Both dose strengths were well tolerated and outperformed the placebo at reducing the rates of monthly swelling attacks, including those that required on-demand medication for relief, topline data showed.
New data presented at this year’s European Academy of Allergy and Clinical Immunology (EAACI) congress in Spain showed that PHVS416 reduced those monthly attack rates regardless of how often patients had swelling attacks before treatment. That presentation was titled “Efficacy and Safety of Oral Deucrictibant, a Potent Bradykinin B2 Receptor Antagonist, in Prophylaxis of Hereditary Angioedema Attacks: Results of CHAPTER-1 Phase 2 Trial.”
In another presentation at EAACI, researchers showed that all the patients treated with the higher PHVS416 dose reported better quality of life, as measured using the Patient Global Assessment of Change.
Most patients treated with either 20 mg (80%) or 40 mg (77.8%) felt “much better” after treatment compared with 12.5% in the placebo group. Only one 20 mg patient reported no change.
“If these data are confirmed in the planned Phase 3 study, deucrictibant may be the first oral prophylactic option demonstrating statistically significant and clinically meaningful [health-related quality of life] improvement,” the researchers wrote in the presentation.
Consistent with separate observations with high-efficacy injectable medications, patients were satisfied with how well PHVS416 worked, according to the Evaluation of Treatment Satisfaction Questionnaire for Medication (TSQM), an 11-item questionnaire where higher scores indicate greater satisfaction.
After three months of treatment, the patients on 20 mg of PHVS416 scored on average 40 points higher on the TSQM regarding their satisfaction with treatment effectiveness than those on a placebo. The difference was of 36.7 points for the 40 mg group. There were no differences in side effects or convenience of use.

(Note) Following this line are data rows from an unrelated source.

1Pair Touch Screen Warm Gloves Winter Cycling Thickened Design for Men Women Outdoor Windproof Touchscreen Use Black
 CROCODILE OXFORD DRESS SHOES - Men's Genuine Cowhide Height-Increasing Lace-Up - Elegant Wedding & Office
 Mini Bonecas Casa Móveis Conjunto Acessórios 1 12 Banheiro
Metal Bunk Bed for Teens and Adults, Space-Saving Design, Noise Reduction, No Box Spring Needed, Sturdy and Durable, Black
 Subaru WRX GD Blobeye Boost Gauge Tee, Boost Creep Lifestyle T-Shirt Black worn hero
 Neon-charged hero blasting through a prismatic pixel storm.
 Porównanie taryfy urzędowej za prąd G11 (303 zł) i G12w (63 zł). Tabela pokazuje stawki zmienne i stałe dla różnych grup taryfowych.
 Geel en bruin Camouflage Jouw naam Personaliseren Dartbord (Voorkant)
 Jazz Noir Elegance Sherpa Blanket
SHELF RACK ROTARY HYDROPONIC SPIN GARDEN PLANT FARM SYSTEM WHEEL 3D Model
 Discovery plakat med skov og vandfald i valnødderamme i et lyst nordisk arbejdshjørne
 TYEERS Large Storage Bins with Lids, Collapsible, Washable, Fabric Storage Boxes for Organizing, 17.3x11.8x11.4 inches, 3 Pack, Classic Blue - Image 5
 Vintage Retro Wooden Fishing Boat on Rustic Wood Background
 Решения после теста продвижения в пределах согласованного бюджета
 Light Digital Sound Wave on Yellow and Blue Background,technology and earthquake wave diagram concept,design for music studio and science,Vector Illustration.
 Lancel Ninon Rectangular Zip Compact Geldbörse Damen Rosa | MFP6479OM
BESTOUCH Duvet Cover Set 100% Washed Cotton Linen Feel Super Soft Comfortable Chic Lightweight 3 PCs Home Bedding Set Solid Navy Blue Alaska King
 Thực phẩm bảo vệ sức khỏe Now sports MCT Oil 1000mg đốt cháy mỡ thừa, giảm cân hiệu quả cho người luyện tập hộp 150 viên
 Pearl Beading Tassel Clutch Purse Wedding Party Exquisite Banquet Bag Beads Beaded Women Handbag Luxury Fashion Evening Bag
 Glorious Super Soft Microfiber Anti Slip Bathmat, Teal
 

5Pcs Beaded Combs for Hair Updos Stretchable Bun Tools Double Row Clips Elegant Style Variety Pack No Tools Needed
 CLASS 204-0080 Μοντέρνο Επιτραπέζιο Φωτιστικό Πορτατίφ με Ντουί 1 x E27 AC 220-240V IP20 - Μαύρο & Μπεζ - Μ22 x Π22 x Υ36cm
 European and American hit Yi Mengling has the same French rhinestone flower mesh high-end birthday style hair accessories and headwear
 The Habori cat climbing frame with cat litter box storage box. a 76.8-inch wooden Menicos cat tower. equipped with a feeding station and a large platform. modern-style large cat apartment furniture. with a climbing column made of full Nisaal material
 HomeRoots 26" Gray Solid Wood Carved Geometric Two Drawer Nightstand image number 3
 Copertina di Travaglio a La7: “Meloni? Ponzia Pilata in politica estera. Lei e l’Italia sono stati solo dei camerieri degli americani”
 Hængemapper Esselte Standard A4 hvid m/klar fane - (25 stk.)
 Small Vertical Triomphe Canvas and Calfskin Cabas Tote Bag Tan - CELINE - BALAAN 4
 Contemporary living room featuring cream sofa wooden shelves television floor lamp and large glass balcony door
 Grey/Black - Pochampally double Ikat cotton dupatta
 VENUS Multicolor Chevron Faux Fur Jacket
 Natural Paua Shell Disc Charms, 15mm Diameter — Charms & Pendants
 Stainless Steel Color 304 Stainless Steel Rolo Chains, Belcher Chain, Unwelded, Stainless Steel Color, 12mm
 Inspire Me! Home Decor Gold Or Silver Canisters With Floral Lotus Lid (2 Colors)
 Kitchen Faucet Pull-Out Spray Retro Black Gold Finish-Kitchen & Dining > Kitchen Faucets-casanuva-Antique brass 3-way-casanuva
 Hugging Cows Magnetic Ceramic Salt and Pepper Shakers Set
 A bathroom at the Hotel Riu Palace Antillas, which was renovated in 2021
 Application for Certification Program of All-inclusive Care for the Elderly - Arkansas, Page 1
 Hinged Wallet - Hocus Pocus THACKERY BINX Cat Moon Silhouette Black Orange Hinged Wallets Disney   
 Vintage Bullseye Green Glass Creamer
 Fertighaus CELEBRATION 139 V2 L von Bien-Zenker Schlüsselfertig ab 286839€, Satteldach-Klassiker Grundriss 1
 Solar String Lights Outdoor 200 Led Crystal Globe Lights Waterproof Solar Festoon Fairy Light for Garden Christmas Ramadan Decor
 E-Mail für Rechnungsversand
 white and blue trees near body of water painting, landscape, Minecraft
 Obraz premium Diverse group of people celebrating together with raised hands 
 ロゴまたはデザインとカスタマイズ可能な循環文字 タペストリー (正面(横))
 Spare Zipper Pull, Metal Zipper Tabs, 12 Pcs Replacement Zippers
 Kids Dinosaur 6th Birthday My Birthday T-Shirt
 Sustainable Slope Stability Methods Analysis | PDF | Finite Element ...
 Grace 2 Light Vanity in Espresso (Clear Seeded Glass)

The patients treated with PHVS416 were also more satisfied with treatment, scoring nearly 30 points higher on the TSQM than those on a placebo.
“The data presented at EAC and EAACI reinforce the benefits of deucrictibant, such as … symptom resolution in 78.6% of participants within 24 hours following on-demand treatment, and the injectable-like efficacy, favorable safety profile, and convenience of deucrictibant for prophylactic treatment,” Lu said. “Looking ahead, we expect to publish data from our ongoing open-label extensions in both on-demand and prophylaxis.”
Lu said the data will “provide insights into on-demand treatment observations across multiple HAE attacks, including laryngeal [throat] attacks, which may position deucrictibant as a best-in-class treatment for HAE.”